Ирмэ, Хаче и Неах молча шли по середине улицы. Говорить чего-то не хотелось. Взгрустнулось им чего-то. Нога у Ирмэ болела, ныла. Но он не думал о ноге. Он думал о Лейбе.
«Чудной он какой-то человек, Лейбе, — думал он. — То вдруг пропал, то вот опять тут. В солдатском. Солдат он, что ли? Рымша. И бороду отрастил. Молодец, ей-богу. Вот Герш — тот подурей. В Сибири, говорят. Сидит. А скучно же там, должно, в Сибири. Снега. Волки».
— Хаче, — сказал он вслух, — верно это, что волки боятся огня?

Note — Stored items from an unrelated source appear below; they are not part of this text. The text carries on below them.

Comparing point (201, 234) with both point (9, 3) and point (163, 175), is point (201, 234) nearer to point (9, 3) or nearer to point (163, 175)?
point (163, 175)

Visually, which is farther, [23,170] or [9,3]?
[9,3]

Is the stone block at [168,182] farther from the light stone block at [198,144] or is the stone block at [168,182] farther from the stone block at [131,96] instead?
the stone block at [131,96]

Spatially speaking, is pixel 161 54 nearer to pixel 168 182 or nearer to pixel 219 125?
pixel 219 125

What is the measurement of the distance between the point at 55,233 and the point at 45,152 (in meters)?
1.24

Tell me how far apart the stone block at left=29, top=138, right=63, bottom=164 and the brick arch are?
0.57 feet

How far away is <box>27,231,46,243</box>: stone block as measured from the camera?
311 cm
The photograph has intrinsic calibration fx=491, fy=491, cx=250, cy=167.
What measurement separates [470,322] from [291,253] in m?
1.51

Хаче думал о чем-то своем и ответил не сразу.
— Верно, — сказал он, сообразив, о чем его спрашивают, — огня-то они боятся.
— Чего это?
— Кто их знает.
— С-слепнут они от огня, что ли? — сказал Алтер.
— Может, и так, — сказал Хаче. — А только огня они боятся. Мне Маркел говорил, филатовский. Шел он, говорит, как-то лесом, в ночь. Глянь — волки. Стая. Ну, он — раз-раз! — разжег костер, сел у огня, сидит, песни орет. Шел-то он из Рядов, с базара, клюкнул малость, был грех. Сидит он, говорит, у костра, песни орет, а волки — кругом да около, скулят, воют, а подступить-то не подступают. Так до свету и досидел. А как засветлело..

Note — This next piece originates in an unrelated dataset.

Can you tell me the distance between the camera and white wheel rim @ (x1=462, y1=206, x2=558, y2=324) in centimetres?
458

— Куда, орлы, топаете? — спросил голос, и в окне показалась голова Симона. — Завернули бы на минутку, а?
— Разве что на минутку, — сказал Хаче, — а то нам спешить надо. Дело есть.
— Дело не волк, — сказал Симон, — ясно?
Ребята поднялись на крыльцо, толкнули дверь и вошли. Комната была небольшая, узкая и длинная, в одно окно. У окна стояло зеркало, перед зеркалом — дырявое соломенное кресло. Это была парикмахерская Зелика, отца Симона. Сам Зелик, маленького роста, юркий человечек с остроконечным лысым, в шишках черепом, ходил по комнате — легко, на носках — и грязной салфеткой смахивал волосы с подоконника и с кресла, а потом веником заметал их в угол, где уже высилась горка целая разноцветных волос. Увидав ребят, Зелик бросил веник и весело заверещал, залопотал, затараторил. Говорил он напевно и в рифму, — Зелик был не только цырюльником, но и «маршеликом» — свадебным шутом — и умел говорить в рифму, когда надо — час, когда надо — два часа.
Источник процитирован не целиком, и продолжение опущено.